When oil prices rise, governments must spend more foreign currency to finance fuel imports, placing pressure on exchange reserves and weakening local currencies.
A weaker currency then makes those imports even more expensive, amplifying the economic shock.
The effects quickly spread beyond the petrol pump. Transport costs increase, food distribution becomes more expensive, and inflation begins to rise, placing pressure on households and small businesses.
The African Union has already warned that escalating tensions could threaten both energy markets and food security, urging restraint and diplomatic dialogue.
Inflation risks in major economies
In South Africa, the currency has already weakened as investors moved toward safer assets.
Economists say sustained oil prices above $80 per barrel could reverse recent progress in controlling inflation.
Higher fuel prices typically feed into transport, agriculture, and manufacturing costs, limiting the ability of central banks to cut interest rates and placing further strain on consumers already dealing with high electricity costs.
If oil climbs toward $100 per barrel, some analysts warn of stagflation risks a combination of slow economic growth and rising prices.
Nigeria’s complex oil equation
For Nigeria, the situation is particularly complex. On one hand, higher oil prices can boost government revenue since crude exports remain the country’s primary source of foreign exchange.

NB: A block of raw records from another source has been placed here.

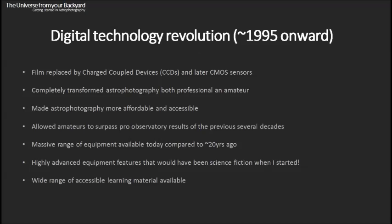We also have a massive range of equipment available today compared to 20 years ago. It's quite remarkable the range of cameras and telescopes available for amateurs — we've really never been more spoiled for choice. Because of technological advances we have really advanced equipment features, and because of the internet we have a wide range of accessible learning material. It's really never been a better time to get involved in amateur astronomy or astrophotography.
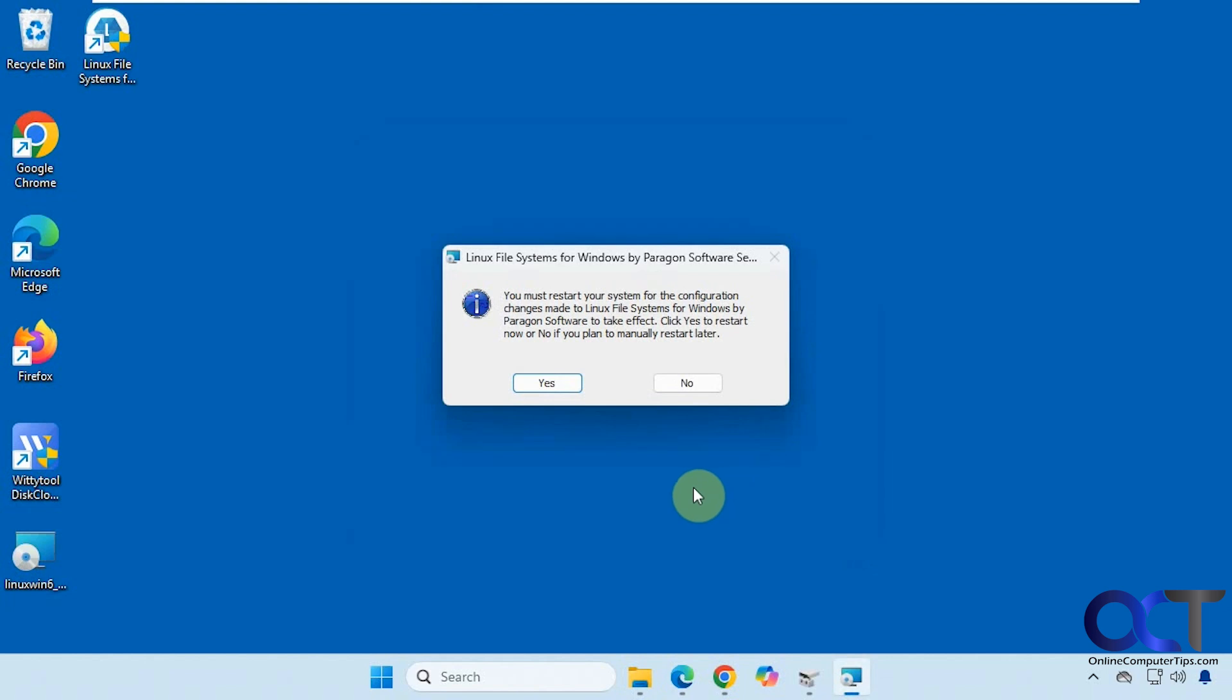Okay, so we're going to restart the computer real quick. I've used this before and I didn't have to restart but we'll go ahead and reboot just to make sure we did everything correctly here so we'll be right back for that.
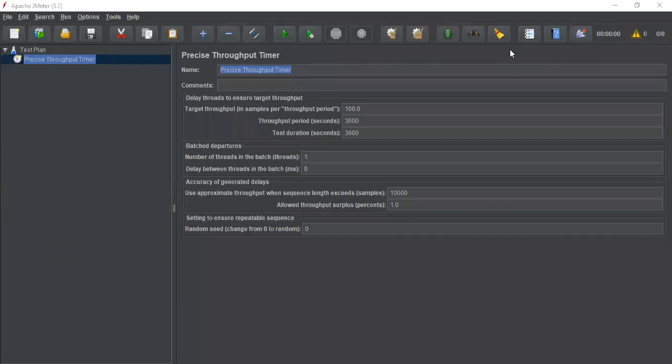Hi friends, this is Fani Bhushan Nagula. Today we are going to learn about the precise throughput timer. This precise throughput timer enables the user to determine the throughput they want to inject in their test. In our earlier session, we learned about the constant throughput timer. If you want to inject the load at a constant pace, the constant throughput timer is the best fit. If you want to inject throughput at a randomized schedule, then the precise throughput timer is the best fit.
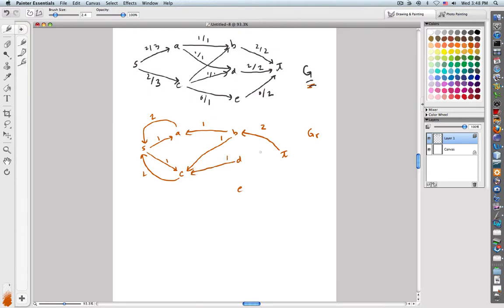D to T: nothing left to go forward, but I can undo that one — two. A to D: nothing left to go forward, but I can undo that one. C to E: I could go forward with one. And E to T: I could go forward with two.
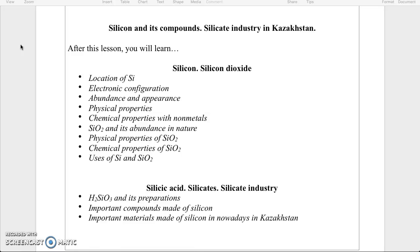Then we will talk about silicon dioxide and its evidence in nature. We will describe the physical and chemical properties of silicon dioxide. Then we will mention the uses of silicon and silicon dioxide.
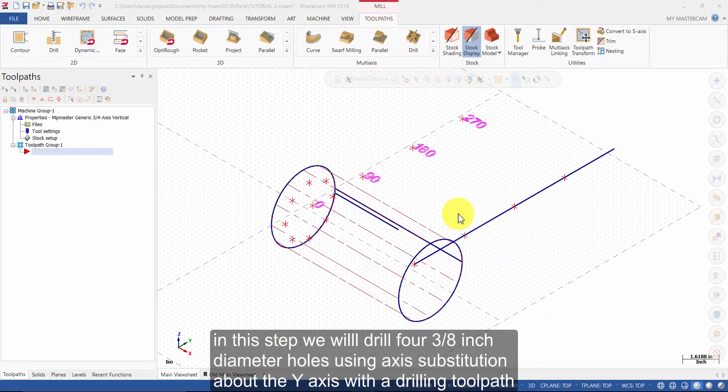In this step we will drill four 3/8 inch diameter holes using axis substitution about the Y axis with the drilling toolpath.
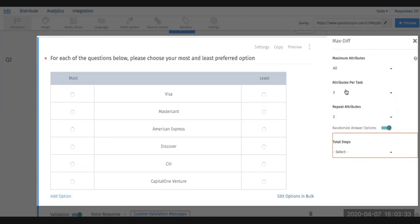We're going to ask the system to test each of the credit cards twice. In this case, what you'll see is max attributes divided by the attributes per task times the repeat attributes, and that will give you the total task counts. This is calculated by the system.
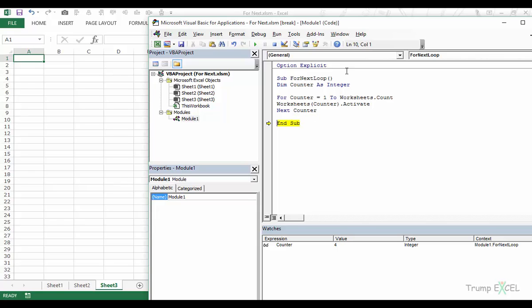You can also apply the same approach to the Workbooks collection — for example, to close all open workbooks. This is how you use the For-Next loop in VBA in Excel. I hope you found this video useful. Thank you and have a nice day.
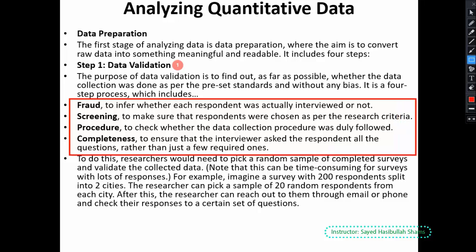The first sub-step is fraud — we must identify whether we actually interviewed the person or not, meaning whether we actually received the data from that person. The second is screening — we must understand whether the respondent was chosen as per the research criteria or not. If they were not selected per the research criteria, the data validation is at risk and the data is not valid.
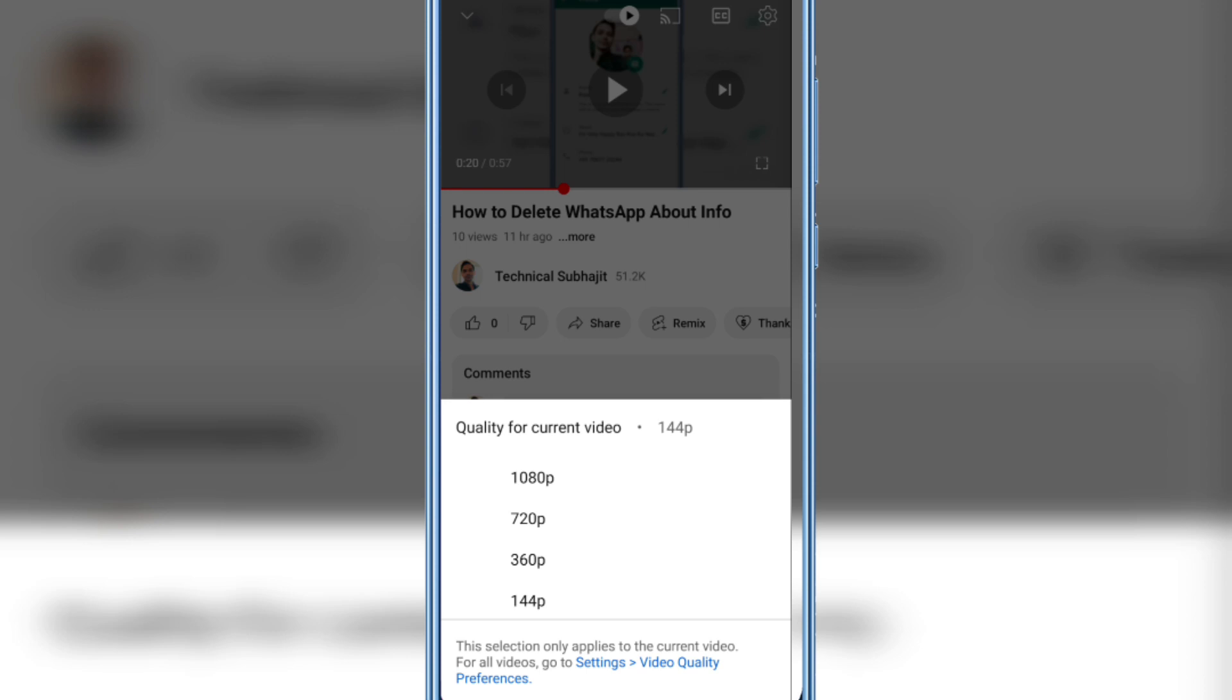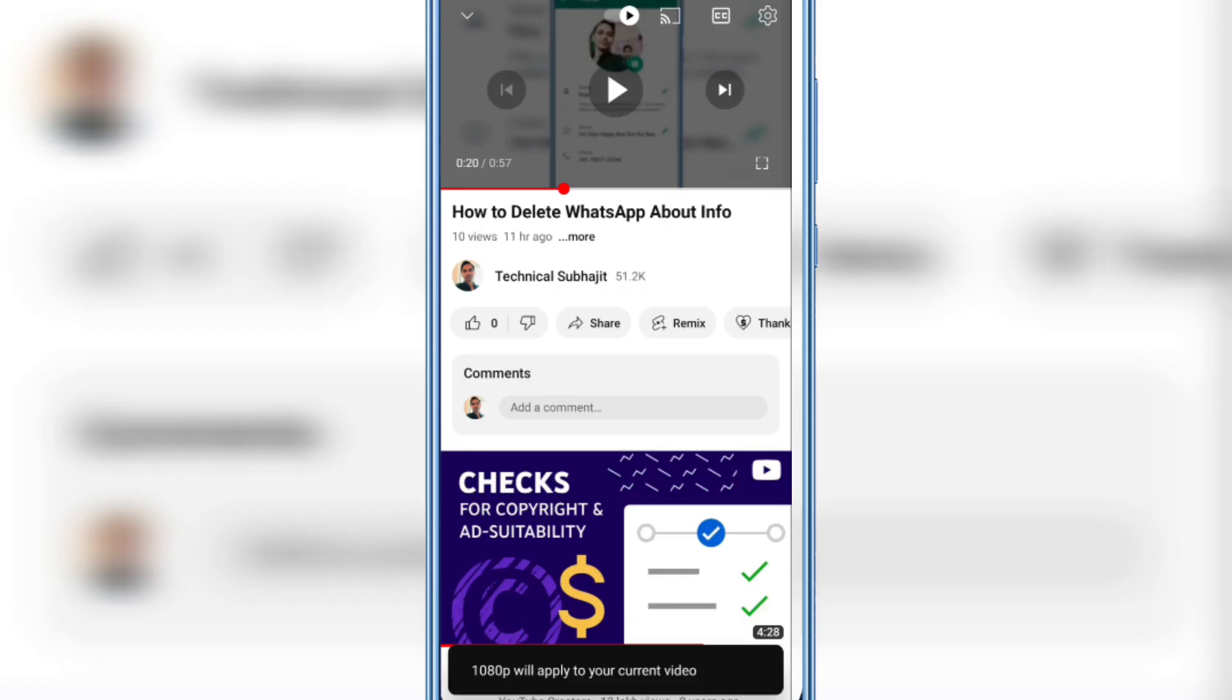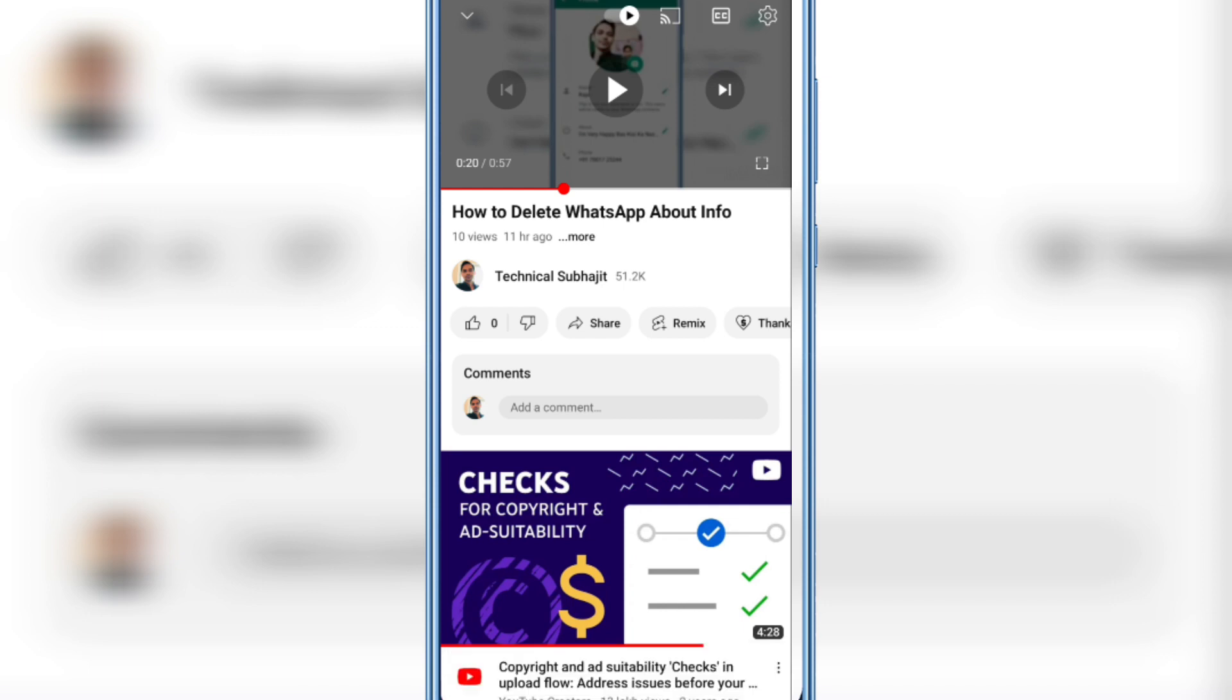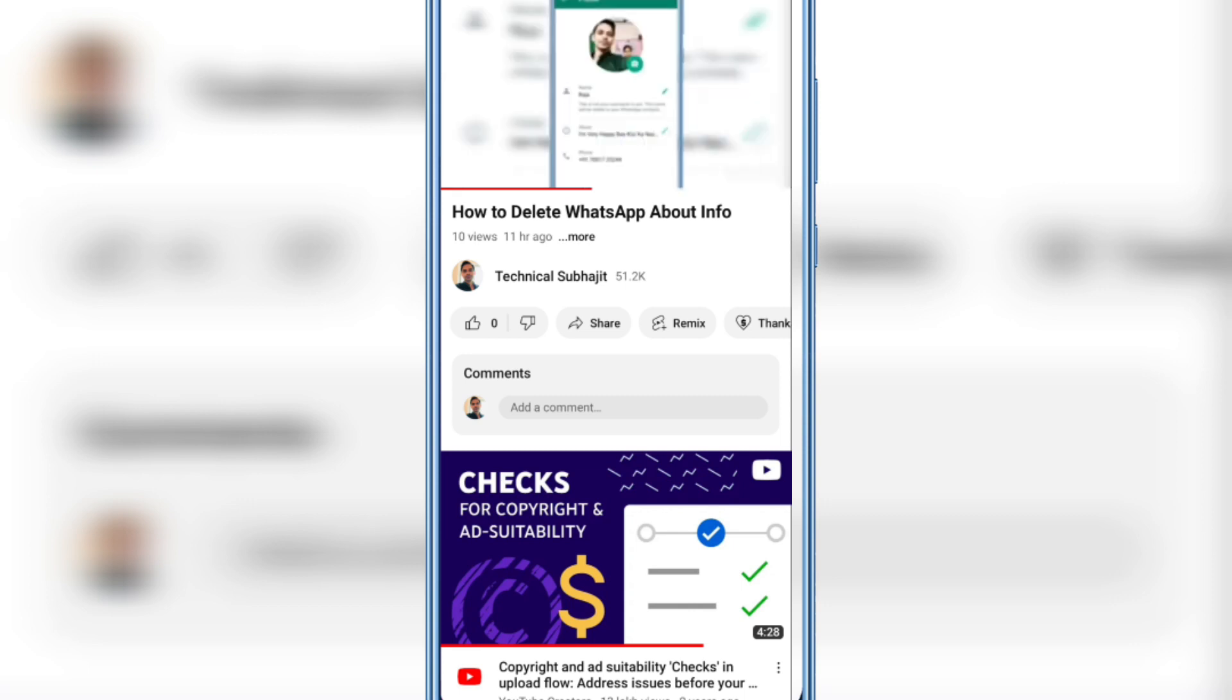If you want to see the video with higher resolution, you can select it to 1080p or you can select it to 720p. Now you can see I played this video again, wait for a while to see the result.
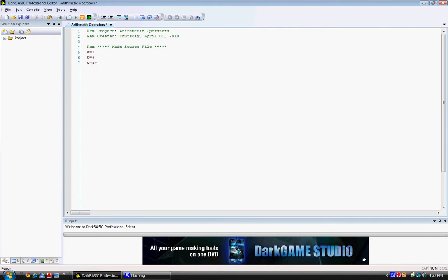Print C. Wait key. And that is our program. And let's run it.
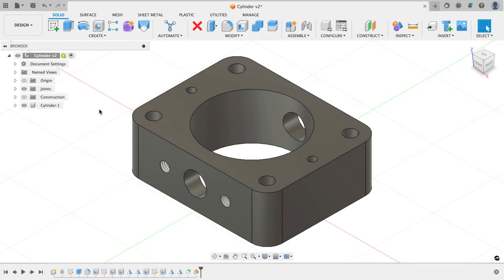Hey everyone, Kevin from MechanicalAdvantage.com. In the previous video you saw me take a 2D print and show you how I would go about modeling the part that you see on screen, and what I want to do in this video is continue this process. If you want to play along you can go to my previous video and follow along with the steps on how I drew this part.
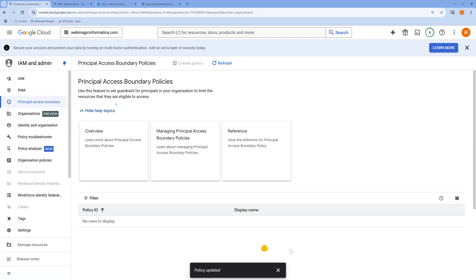This is how you can set up Workforce Identity Federation so that, without synchronizing any users to Google Cloud, you can log in using users created in Microsoft. That's it for this video — thanks for watching.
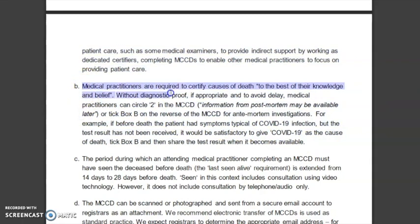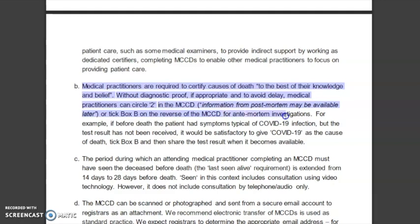Medical Practitioners are required to certify causes of death to the best of their knowledge and belief. Without diagnostic proof, if appropriate and to avoid delay, Medical Practitioners can circle 2 in the MCCD — information from post-mortem may be available later — or tick box B on the reverse of the MCCD for ante-mortem investigations.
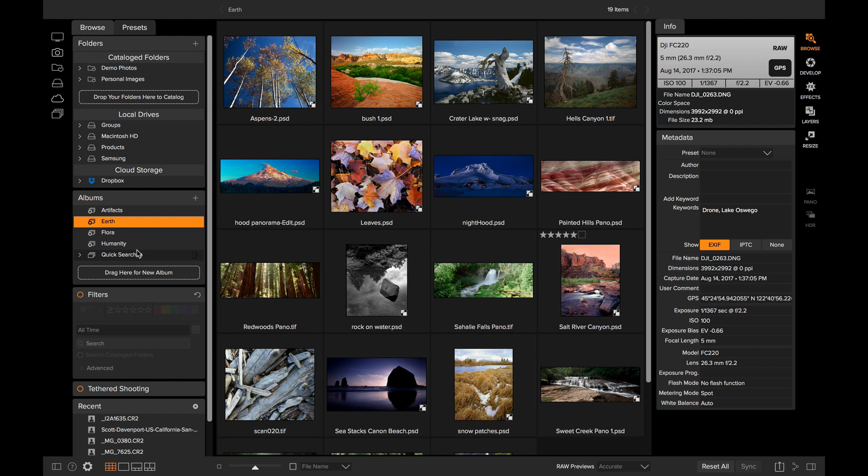There's also what's called a Smart Album. A Smart Album is basically a saved search. Every time you click on that album, it's going to go out and do a search. You can learn a lot more about the albums by watching the album tutorials. What I want to show you is how you can organize those albums.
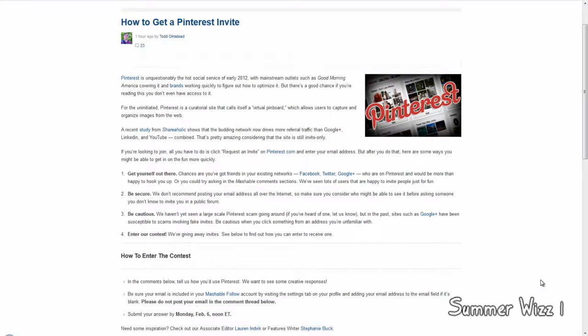Be secure. We don't recommend posting your email all over the internet. So that being said, go create another email and then spam the internet with that. So you get a fake email to spam and you get like a Pinterest invite.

However, Nigeria still imports a significant share of its refined fuel, meaning global price increases quickly translate into higher domestic pump prices.
The issue also raises questions about the role of the Dangote Refinery, Africa’s largest refinery.
The facility processes roughly 18 million barrels of crude per month, much of it imported, alongside supply from the Nigerian National Petroleum Company Limited.
If crude prices remain elevated, the refinery’s input costs rise, potentially pushing domestic fuel prices higher unless margins are reduced.
At the same time, higher global fuel prices could make exports more profitable than domestic sales.
Landlocked countries face greater pressure
Across East Africa, analysts warn that fuel prices could rise sharply if global oil markets remain elevated.
For landlocked economies that rely on long-distance fuel imports, oil shocks tend to hit particularly hard.
Higher fuel costs can slow trade, raise transport expenses, and weaken consumer spending, adding pressure to already fragile economies.
A familiar vulnerability
The current crisis highlights a longstanding structural challenge: Africa remains highly exposed to global energy shocks.
Some analysts believe the situation could accelerate investment in renewable energy and domestic refining capacity, reducing reliance on imported fuels. However, such structural changes take years to materialise.
Oil shocks, by contrast, reach African economies in a matter of days, quickly affecting prices, currencies, and household budgets across the continent.